June 9, 2020 | 7:25pm

US protests over the police-custody death of George Floyd are already poised to bring about sweeping changes involving law-enforcement in the country.

Some moves involve groups putting their money where their mouth is — while others revolve around new laws aimed at addressing systemic racism and inequality.

Some of the changes — and proposed changes — include:

Minneapolis

Floyd, a 46-year-old black man, died with his neck under the knee of a white cop in a shocking caught-on-tape incident May 25. The Minneapolis City Council announced Sunday that it has enough votes to disband its police department. Several days earlier, the Minneapolis Public Schools board voted to end its $1 million school security contract with the cops.

New York

Big Apple Mayor Bill de Blasio said Sunday that he will siphon off some funding from the city Police Department and reroute it to youth social programs.

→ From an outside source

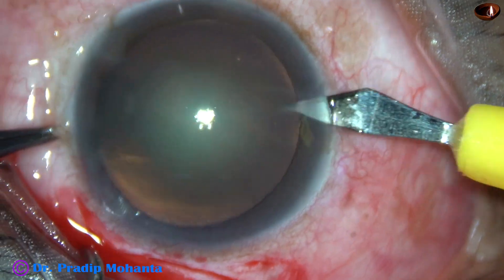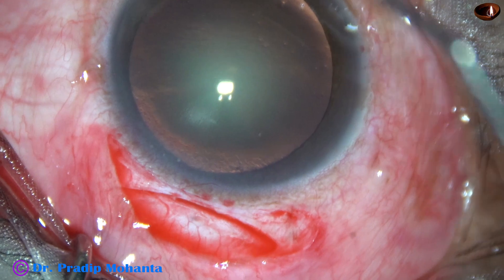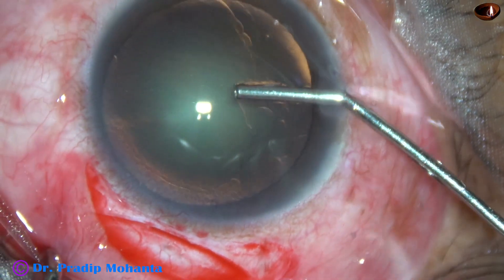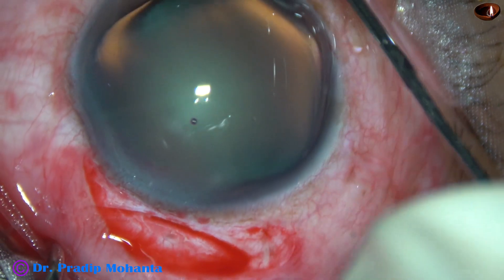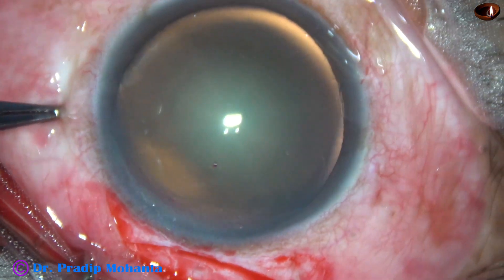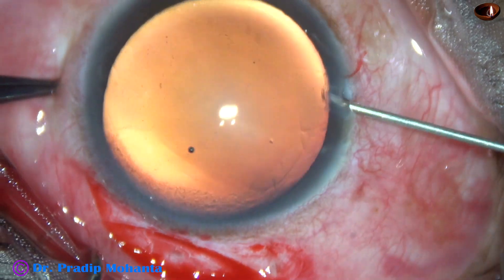A side port is made at 9 o'clock. Visco is injected into the anterior chamber and applied over the cornea, which improves visibility. We don't need trypan blue dye in this case.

The state legislature is passing a slew of proposed laws this week that include removing a clause that shielded the past disciplinary records of cops under investigation for excessive force.

And Manhattan District Attorney Cy Vance also announced that he will not be prosecuting low-level offenses tied to protests over Floyd’s death.

California

Los Angeles Mayor Gil Garcetti said he would be cutting $150 million from the city’s police-department budget, while Gov. Gavin Newsom said he was barring the state’s police-training program from teaching neck holds.

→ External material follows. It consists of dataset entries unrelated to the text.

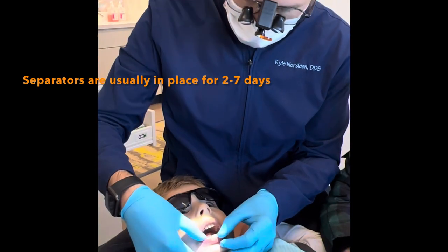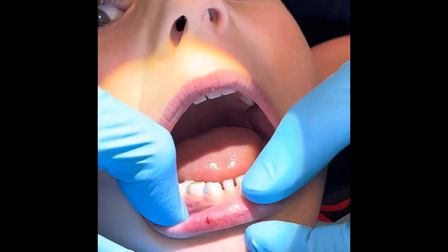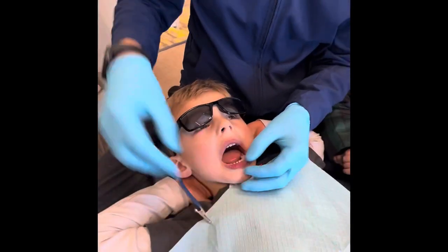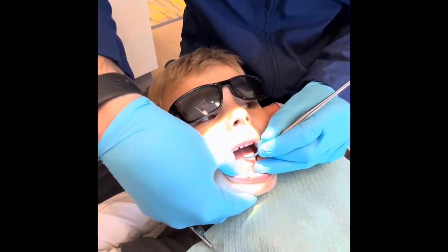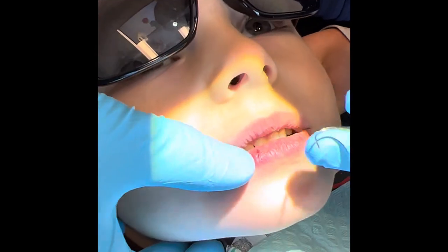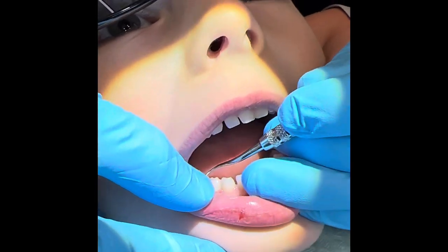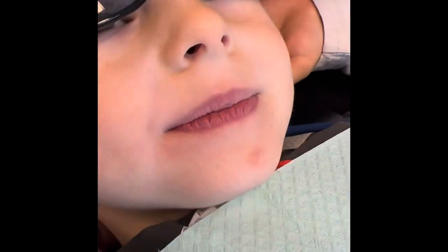Good job, you did it! Okay, so go ahead and open really big. So we have our rubber bands in there — it's been two days and James did a good job keeping them in. Now we're gonna take those rubber bands out. I'm just gonna use my little rubber band getter. Open big — we got one out — and open really big again. Good job!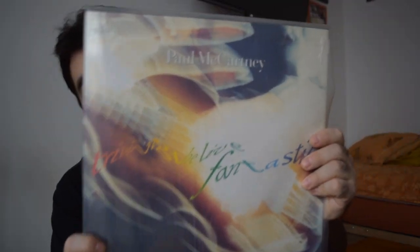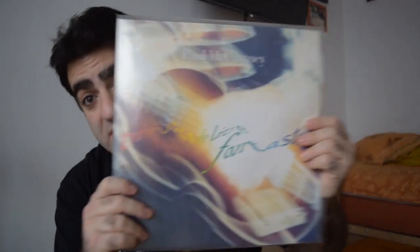Now I would like to show you the vinyl — the triple vinyl that I have. Tripping the Light Fantastic, the triple vinyl.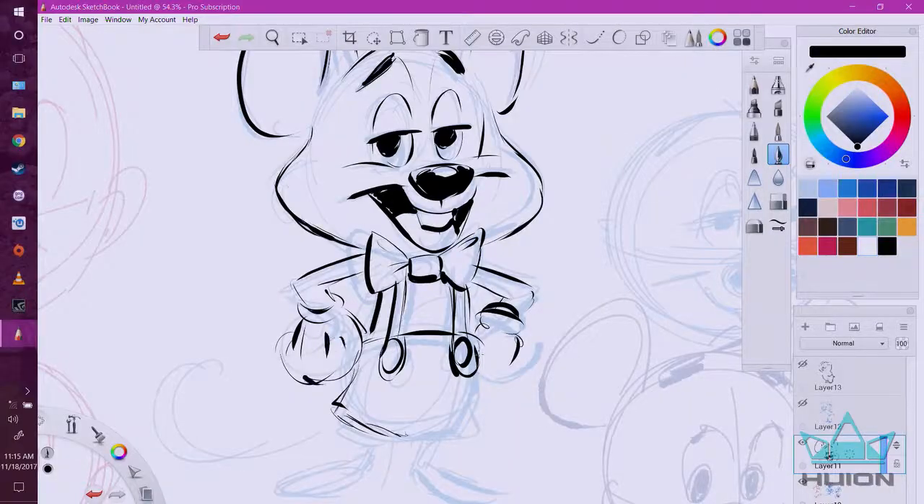I normally work with a tablet every day, drawing on it, so when I'm stuck and I have to draw something on paper and pencil, there's no undo button if I make a mistake.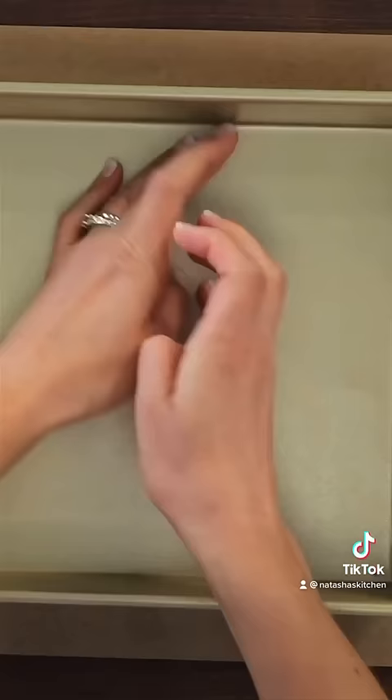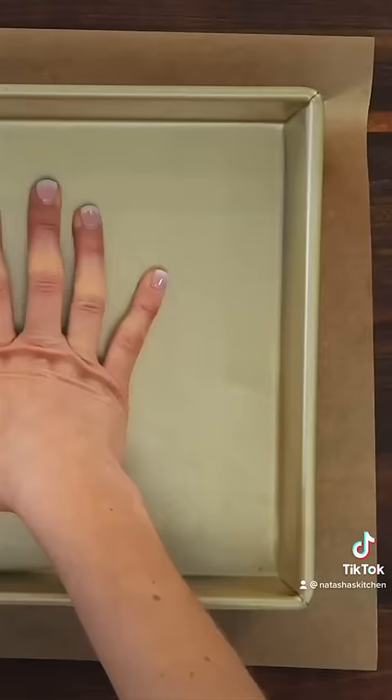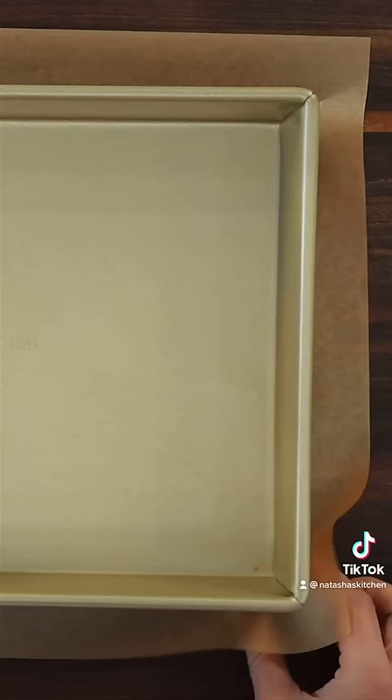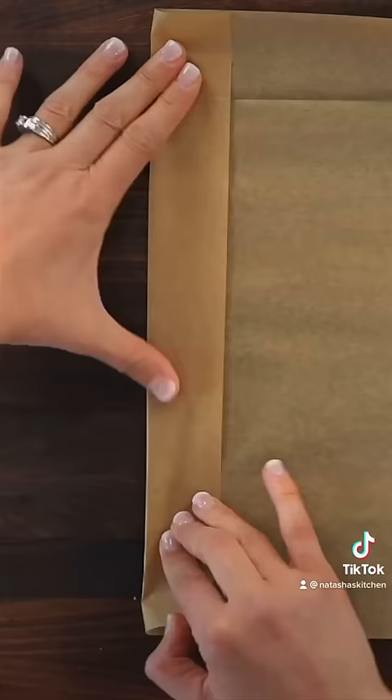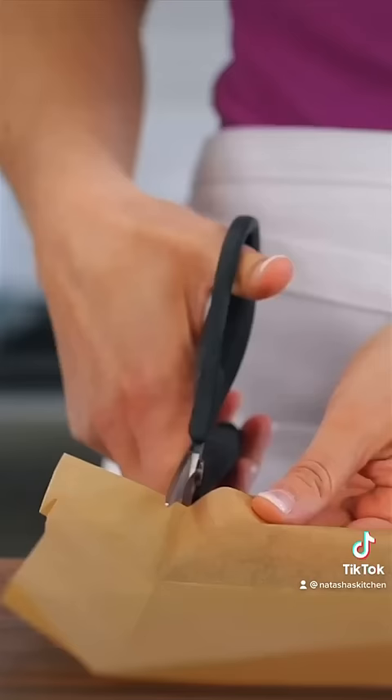Here's a genius tip for how to line a baking pan. First, line a 13 by nine baking pan with parchment paper. Start by pinching the paper to the corners of the baking pan. Now fold in all four sides, meeting at the corners. Using scissors, cut a slit on each corner.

LA District Attorney Jackie Lacey announced her office would not be prosecuting minor protest-related offenses. Some elected officials also said they would be returning political contributions from law enforcement.

Kansas City, Missouri

The mayor agreed to have an outside agency such as the FBI review every local police shooting.

Lexington, Kentucky

Top police officials must now first approve so-called “no-knock warrants,” which allowed cops to barge into homes.

Denver, Colorado

The school board’s director said it has the votes to remove police officers acting as security at its facilities.

Portland, Oregon

The city’s schools superintendent said he will nix regular school safety officers.

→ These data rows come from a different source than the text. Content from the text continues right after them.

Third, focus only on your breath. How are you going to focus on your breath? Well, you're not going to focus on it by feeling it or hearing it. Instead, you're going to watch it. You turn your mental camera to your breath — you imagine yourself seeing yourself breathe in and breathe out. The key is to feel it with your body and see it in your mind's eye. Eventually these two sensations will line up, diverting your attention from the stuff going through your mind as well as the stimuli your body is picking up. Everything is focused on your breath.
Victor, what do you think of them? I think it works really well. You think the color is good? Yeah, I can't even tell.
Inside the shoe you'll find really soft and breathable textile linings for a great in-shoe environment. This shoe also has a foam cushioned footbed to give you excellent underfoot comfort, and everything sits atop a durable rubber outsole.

On a national level, congressional Democrats on Monday introduced the Justice in Policing Act, which would ban police choke holds as well as create a national database to record police misconduct.

Recent polling figures from Rasmussen show a huge jump in the number of white people who believe that black people are more likely to be the victims of police violence. In 2014, one of the firm’s polls showed 26 percent of whites thought that, while a survey taken last week put the figure at 49 percent, Politico said.

“In my 35 years of polling, I’ve never seen opinion shift this fast or deeply,” conservative pollster Frank Luntz tweeted Monday. “We are a different country today than just 30 days ago.”